The IMDB list is a little truncated, since they only list by decade, and only the top 50 of the decade, so its hard to find IMDB's best 10 films for any one year (maybe they don't want to step on the Academy's toes). You'll note, there's a good amount of overlap this year, which isn't too surprising since the nomination step uses a "name five" approval-style ballot, in which each voter names up to five films, without ranking them. The ten most-often-named films become the nominees. Top-5 is mathematically similar to IMDB's score-based voting system; at least, the two are more similar to each other than either is to the instant runoff voting (IRV) used for the final round.

But which picture will win? It's tempting to say Avatar, since it's IMDB's top rated film of the year, but we know that IRV has somewhere between a 5 and 15% chance to exhibit non-monotonic behavior, in which the true first-choice is eliminated before the final round.

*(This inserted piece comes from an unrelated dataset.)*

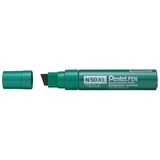 thumbnail of Pentel N50XL-B Marqueur Permanent XL Pointe Biseautée, Rouge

And that's with three strong contenders; the odds get worse the more there are, and I think at least four of these can be considered "strong contenders".

But what does "true first-choice" mean? For me, it means consensus. If you put all the Academy voters in a room and told them to watch a movie, which movie would engender the greatest total happiness for the crowd? That's the question that score voting (and IMDB) asks. But supporters of IRV instead speak of something they call "core support"; they say that it's most important for a winner to have a large following of fanatics, voters who like them best of all. They don't use the word "fanatic", but it's appropriate. Instant runoff repeatedly removes the choice with the fewest fanatic followers and shuffles them off to their next favorite group; it's fair to call them fanatics because other options that you may also like are never considered until your number-one is eliminated. In other words, IRV doesn't offer you much of an opportunity to offer a compromise, because its almost always the compromise that gets eliminated by non-monotonic behavior. So the question is, is Avatar a compromise? Does it make everyone mostly happy, or does it make only a few people very happy? Luckily, IMDB records that data too! Maybe we'll examine that next time.

Also, remember that the Academy hates science fiction, and animation. In which case, maybe Inglorious Basterds has a good chance...


  1. Huh? You want a "compromise choice" who might be no one's first choice and only can win if Academy voter hurt their first choice by indicating support for others? That flies against Academy history of what it wants -- a film that at least some members are passionate about.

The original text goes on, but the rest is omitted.